January 20, 2017 // 12:26 PM EST
At 11:59 am eastern, the official White House website had a lengthy information page about the threat of climate change and the steps the federal government had taken to fight it. At noon, at the instant Donald Trump took office, the page was gone, as well as any mention of climate change or global warming.
It’s customary for www.whitehouse.gov to flip over to the new administration exactly at noon, but the only mention of climate on President Trump’s new website is under his “America First Energy Plan” page, in which he vows to destroy President Obama’s Climate Action Plan, which is a government-wide plan to reduce carbon emissions and address climate change. To reiterate: It is normal that the site is completely new; it is notable that climate change is not mentioned on any one of Trump’s new pages.
“President Trump is committed to eliminating harmful and unnecessary policies such as the Climate Action Plan and the Waters of the U.S. rule,” the site says. A search of the website found no mention of “global warming,” and the only mentions of “climate change” were archived pages that, after clicking on the links, led to scrubbed pages.
Here’s what President Obama’s climate change page looked like this morning:
And here’s what it looks like now:
Scientists and professors around the country had been rushing to download and rehost as much government science as was possible before the transition, based on a fear that Trump’s administration would neglect or outright delete government information, databases, and web applications about science. Last week, the Radio Motherboard podcast recorded an episode about these efforts, which you can listen to below, or anywhere you listen to podcasts.
The Internet Archive, too, has been keeping a close watch on the White House website; President Obama’s climate change page had been archived every single day in January.

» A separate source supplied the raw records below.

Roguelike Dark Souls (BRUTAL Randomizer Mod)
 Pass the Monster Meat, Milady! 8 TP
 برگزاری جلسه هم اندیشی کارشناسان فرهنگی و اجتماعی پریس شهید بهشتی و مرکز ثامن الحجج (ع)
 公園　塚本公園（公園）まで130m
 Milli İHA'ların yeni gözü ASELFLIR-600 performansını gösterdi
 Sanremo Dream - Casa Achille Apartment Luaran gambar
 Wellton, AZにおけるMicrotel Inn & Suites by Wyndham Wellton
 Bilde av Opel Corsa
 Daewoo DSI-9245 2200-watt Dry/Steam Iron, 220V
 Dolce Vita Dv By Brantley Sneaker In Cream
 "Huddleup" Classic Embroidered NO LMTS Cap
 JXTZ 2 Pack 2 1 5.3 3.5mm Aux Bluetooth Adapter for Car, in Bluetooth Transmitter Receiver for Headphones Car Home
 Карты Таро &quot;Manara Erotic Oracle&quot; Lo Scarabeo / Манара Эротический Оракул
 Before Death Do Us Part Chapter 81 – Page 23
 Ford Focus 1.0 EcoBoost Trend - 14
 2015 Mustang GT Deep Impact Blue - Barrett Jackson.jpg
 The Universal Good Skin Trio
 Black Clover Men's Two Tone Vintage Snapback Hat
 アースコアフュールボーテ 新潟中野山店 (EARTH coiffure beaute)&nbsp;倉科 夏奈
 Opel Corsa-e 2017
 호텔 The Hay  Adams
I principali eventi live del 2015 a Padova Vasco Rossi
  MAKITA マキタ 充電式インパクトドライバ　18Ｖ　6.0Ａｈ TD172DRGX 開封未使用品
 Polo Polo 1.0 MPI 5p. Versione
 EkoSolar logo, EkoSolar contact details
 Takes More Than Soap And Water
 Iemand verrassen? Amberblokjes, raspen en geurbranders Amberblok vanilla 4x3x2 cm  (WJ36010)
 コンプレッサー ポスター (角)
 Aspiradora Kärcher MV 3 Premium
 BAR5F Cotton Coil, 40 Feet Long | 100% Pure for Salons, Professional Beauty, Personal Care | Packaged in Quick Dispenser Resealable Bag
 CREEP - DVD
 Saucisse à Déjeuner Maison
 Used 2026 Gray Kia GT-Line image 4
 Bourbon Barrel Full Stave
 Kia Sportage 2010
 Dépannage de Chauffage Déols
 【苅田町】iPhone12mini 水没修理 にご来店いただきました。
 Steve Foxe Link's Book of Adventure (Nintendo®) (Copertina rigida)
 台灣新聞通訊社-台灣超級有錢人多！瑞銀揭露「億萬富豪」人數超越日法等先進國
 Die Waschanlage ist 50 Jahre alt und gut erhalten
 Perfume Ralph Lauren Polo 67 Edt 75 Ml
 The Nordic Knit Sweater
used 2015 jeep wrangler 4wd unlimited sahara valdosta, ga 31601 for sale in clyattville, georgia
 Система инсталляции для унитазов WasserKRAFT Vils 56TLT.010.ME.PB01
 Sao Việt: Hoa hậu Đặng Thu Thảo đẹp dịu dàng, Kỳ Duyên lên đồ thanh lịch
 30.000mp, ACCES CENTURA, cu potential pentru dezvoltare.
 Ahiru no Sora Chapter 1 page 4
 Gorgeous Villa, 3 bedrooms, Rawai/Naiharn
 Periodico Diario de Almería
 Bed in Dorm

So far, nothing on the Environmental Protection Agency’s website has changed under Trump, but a report earlier this week from Inside EPA, a newsletter and website that reports on the agency, suggested that pages about climate are destined to be cut within the first few weeks of his presidency.
Scientists I’ve spoken to who are archiving websites say they expect scientific data on the NASA, NOAA, Department of Energy, and EPA websites to be neglected or deleted eventually. They say they don’t expect agency sites to be updated immediately, but expect it to play out over the course of months. This sort of low-key data destruction might not be the type of censorship people typically think about, but scientists are treating it as such.
“When I stereotypically think of censorship, I don’t necessarily think of data being deleted, but I think of spectacular instances of book burning—that’s censorship,” Bethany Wiggin, a professor at the University of Pennsylvania who has been archiving data told me. “But actually, it happens much more in subtle ways and it’s not always so black and white.”